Anger being self hate, ultimately ( and realize that there are no problems, there are only solutions, meaning a mis-take can ONLY BE CORRECTED INTO UNDERSTANDING ) means one is resisting LOOKING HERE, one is resisting one’s own capacity to find solutions, which must include this practical and physical reality. Anger exists when value judgements about something are made larger than reality, which is a separation from reality, and thus lacking a state of grace, of which the very behaviors of anger are a marker of and as as an indicator of a loss of grace!
One must simply LOOK at the ephemeral values as what one is lost in as one’s inner musings and deconstruct them, to refocus on the practical and physical living reality.
Within myself I realize, having participated in the intangible, allowing and accepting it to be larger than life - running from it, hiding from it - that having to turn and face my biggest fear, which is really a fear of having accepted and allowed the same within myself, is so embedded, and yet, dare I say here, that it is possible to reach a state of grace within and as this. Interesting how this brings a sense of shame and joy at the same time. Yet this is that point of leaping into grace, which no one can do for me but myself.
If I reflect on the present system, I can see where it is a form, just as within myself, where a denial, a resistance of accepting ‘ grace’ is the thing most avoided, most resisted, and of such a busy work to retain doing everything possible to NOT LOOK HERE.
Yet, there is no other place to go to. It is as simple as that.
The math of polarities as the game of good and bad value judgements, is such an illusion, it is quite astounding. And yet, from some small experiences, it is what every single one of us really want. One cannot see it if one is seeing ONLY a limited scaffold that is the focus of self, in separation from seeing the circle. The circle being the real, living and practical world around us.
Teaching children to ‘ fill in the circle’ in a box in their heads, is a backwards construct. Using chemicals to balance out dis-ease in the body, is completely backwards. Having systems where some supposed authority, as authors of how things work, learned in a box, in a backwards way, is backwards - especially with bureaucracies of same construction as human beings who have moved contrary to life, is also backwards. It is all the opposite of life, using limitation to resist reality. The game and math of resistance to self as life, as living in a bubble as a head trip, of good and bad, right and wrong, blame and spite, resistance and rejection, is up. We live in a physical creation of form and function, where harm towards something is visible, and not what we would want for ourselves. Therefor , in any shape or form, it is unacceptable to harm.

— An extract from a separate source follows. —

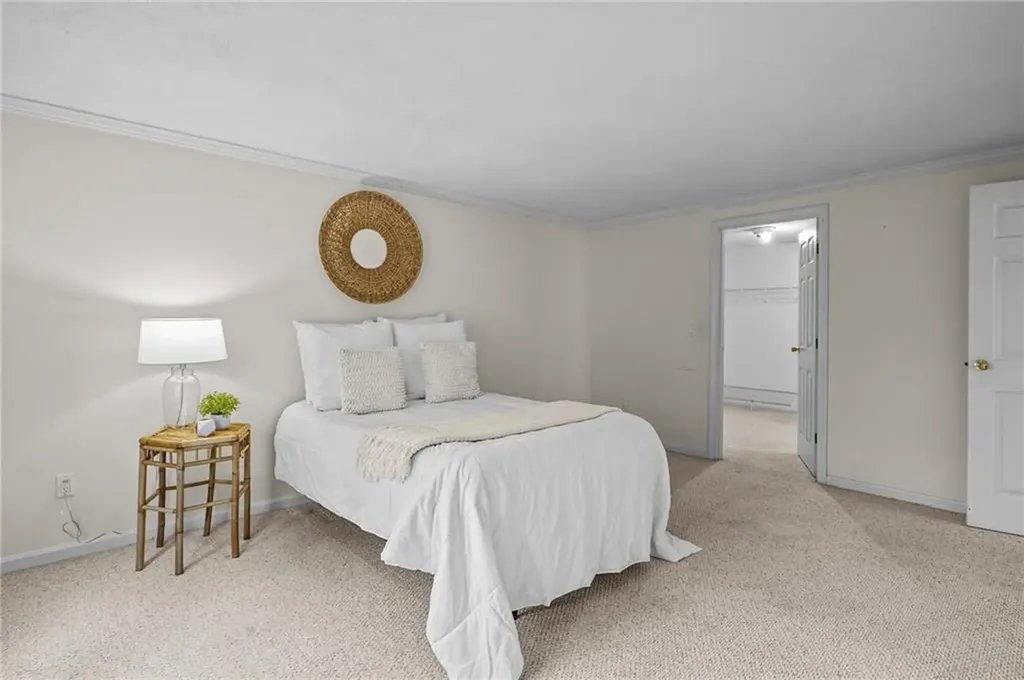 15 Nipmuc Trail North Providence RI 02904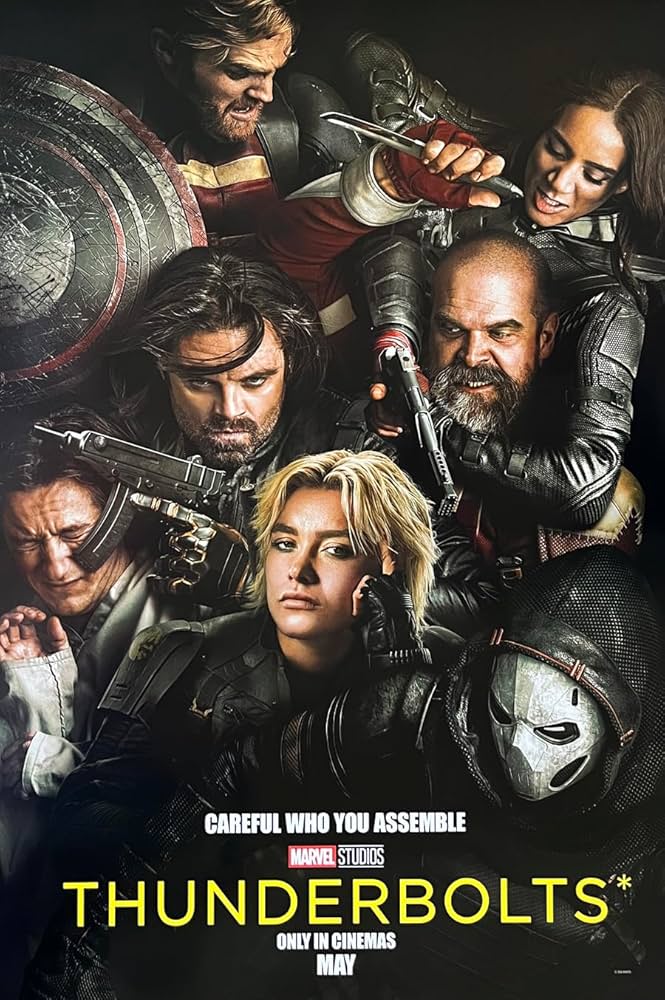David Harbour Autograph Signing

If I really understand that anger is always self hate, can I go out into the world and no matter what, act with grace towards all things, as being a voice as a starting point to say out loud, no matter what, that anger is always self hate? Will this stop a person moving into a track of and as an ephemeral existence, visible and composed of polarities, as movements within a bubble as a built self interest, as a created self of and as energy that is division from what is eternal? This division of self, composed of blame and spite building projection and conjure ( con- jure = with judgement ) that is the opposite of life as real self creation? I suppose that the marker of this state of grace would be to remain in gentleness, in a steady grounded focus with humility, both reciprocating , as taking back to self, the math of separation AND remaining grounded here. After all, what are words for but to communicate what is here.
Moving against a tide of separation, means being the same as what caused the separation, which means relating things with persistence in accord with reality. The same as separation is built. Self dis-- covery is a process, it i re-versing one’s self. One must realize one’s verse and then realize the scaffold of one’s separation, to uncover what was always there; the circle. lol what a head trip!